The weather-related irony is Wednesday’s -19 C was too cold even for outdoor speeches at the Plaza’s official opening.
Most of the ceremony had to be held indoors in the gym of the Central Middle School next door — although the ribbon cutting was later done in front of historic former Central Intermediate School.
David Patterson, president and CEO of the Canada Games Council, admitted everybody’s hoping for a warm-up. “But it is the winter games,” he said — so everybody is also prepared to deal with the cold.
On the positive side, he believes the weekend forecast doesn’t look bad enough so far to think about moving outdoor competitions indoors or to warmer locales.
In his speech, Patterson invited everybody who has worked hard on the Plaza and other Games venues to “enjoy what you’ve done,” and help celebrate unity through sport.
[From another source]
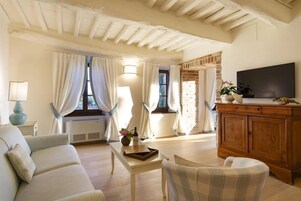 Suite superior, 1 cama de matrimonio grande | Sala de estar | Televisión de pantalla plana de 32 pulgadas con canales por satélite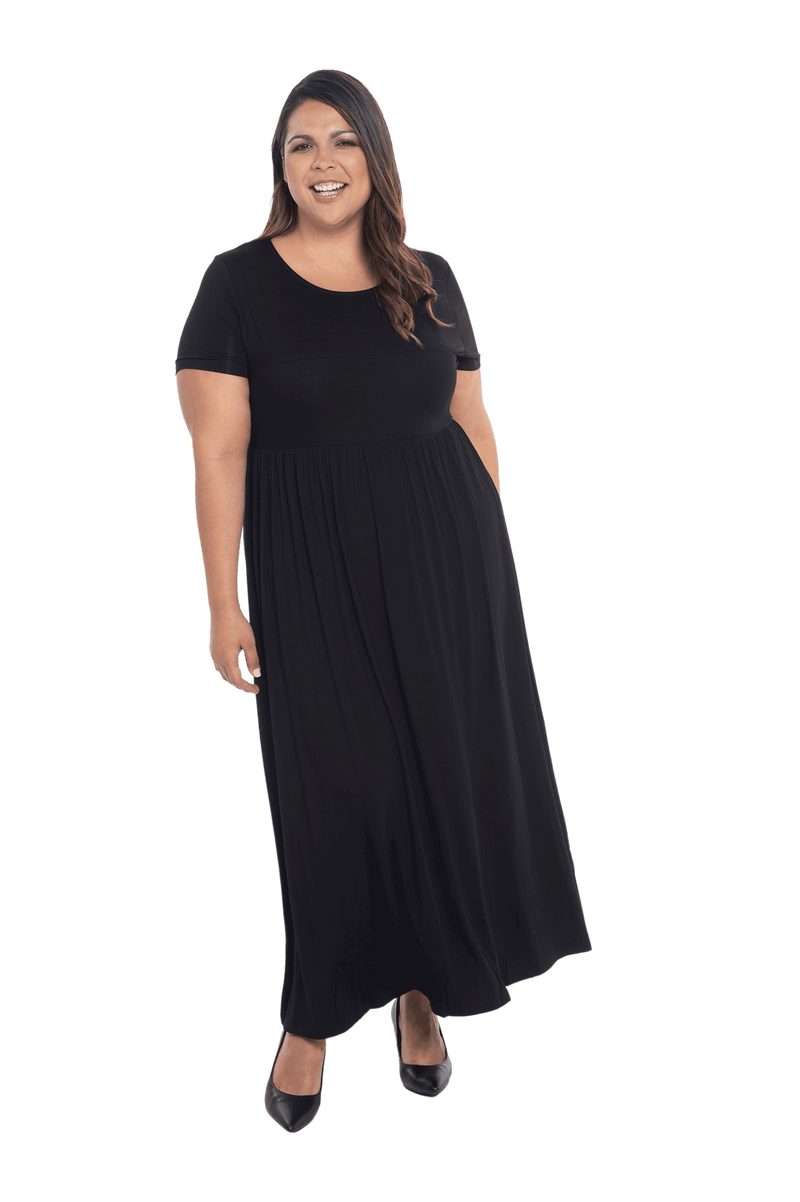 Curvy model facing camera wearing black maxi dress, featuring  rounded neckline, and a gently fitted bodice, gathering above the waist. Riley available in sizes 6-26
Lyn Radford, chair of the 2019 Canada Winter Games Committee said she’s received great feedback from the community on the preservation of the historical central Intermediate School and its transformation into a cultural hub that will help revitalize the downtown.
“We are incredibly proud and extremely grateful” to everybody who funded the project — including namesake Gary W. Harris, who also contributed generously to the sports facility at Red Deer College — and Joan and Jack Donald, who funded an artwork.
The wall-mounted Unity Through Sport glass and metal depiction of the northern lights was created by local Voyager Art and Tile artists Dawn Detarando and Brian McArthur.
Radford also commended the construction companies who worked on the project, as well as the individuals who contributed towards the vision of turning the old school into “a celebration space in the heart of downtown Red Deer.”
Present was Red Deer Public School Board representative Bev Manning, who presided over signing over the old school to the City of Red Deer, to be turned into a culture centre this summer.
The inclusive and accessible Plaza in the former school yard will be hosting the 52 degrees North Music and Cultural Festival during the Games, and will remain as a legacy for future city festivals that enhance the local culture scene and invigorate the downtown.